Monday, April 28, 2008

Investment or Mortgage

I had a conversation with a friend this morning about how poorly our 401ks have faired this year. Although they are almost breaking even for the year, the market volatility had me thinking...

One of the popular questions people ask is whether it is better to push money into investments or on to your mortgage. Some financial advisers will tell you to put it into investments which will get you 8-10% while you only pay 6% on your mortgage. Others will point out the tax advantages of the interest on your mortgage, while ignoring the tax implications on your investments. Either way, working out the numbers you can make more if you assume an 8-10% return than you spend would on a 6% mortgage.

Other financial advisers, like popular anti-debt talk show host Dave Ramsey, will tell you to fully fund your 401k and Roth IRAs before paying off your mortgage. Fully funding, according to Dave Ramsey, means 15% of your gross income towards Roth IRAs and your pre-tax retirement accounts like IRAs and 401ks. At that point, he would tell you to put it towards your house debt because you wouldn't take equity out of your home to put it in the stock market, would you? The answer is, you especially wouldn't do so now.

The key is that the 8-10% return on investment is projected and you will not find guaranteed interest higher than your mortgage. The market has proven its volatility this year and you would have struggled to get over 5% back on stocks, mutual funds, through money market/savings accounts, or through CDs/bonds this year so far. Yet, most of us with mortgages have primary mortgages somewhere between 5-7% with some secondary mortgages from 7-10%. So far this year, paying off your mortgage would have been the better financial decision. In the end, paying down your house also brings more financial stability to your family and more freedom overall.

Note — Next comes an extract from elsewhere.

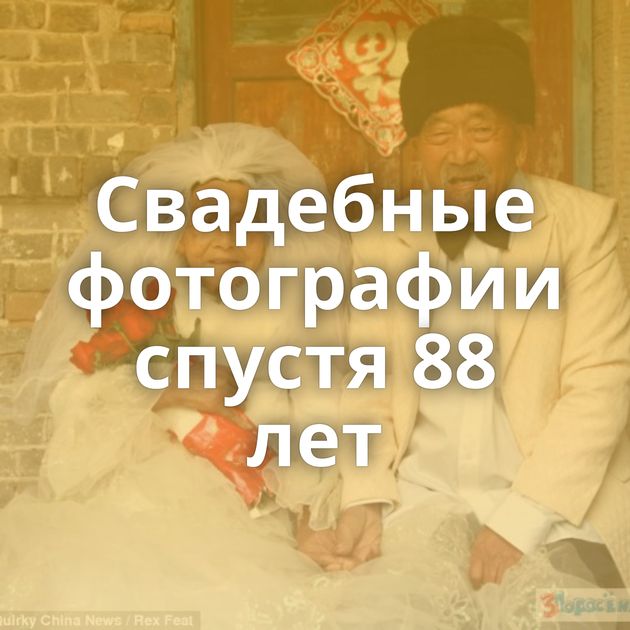 Свадебные фотографии спустя 88 лет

An executive who I reported to around 2004-2005 when hearing I was purchasing a house made the comment that he hopes it was a big mortgage, cause "thats how we lock in our employees." Was he joking? He said it jokingly, but there was some truth behind that joke. Many people rely on their salaries to pay their mortgages and couldn't take a pay cut. If you had your house paid off, you might be able to support your family while working a lower paying job. That helps financial stability. Also, you might be able to choose to do something you love rather than what you put up with. :-)

Finally, imagine what you can do with an extra mortgage payment in your pocket every month. Let's say you have a low mortgage payment of $1000 per month. If you could invest that over the next 10 years instead of use it to pay off your mortgage, in 10 years at 10% annual return your would have over $205,000. Try it with your mortgage numbers using this Investment Calculator.

As my friend concluded our conversation today, "That guaranteed 8% by paying down my [second] mortgage is sounding pretty good about now."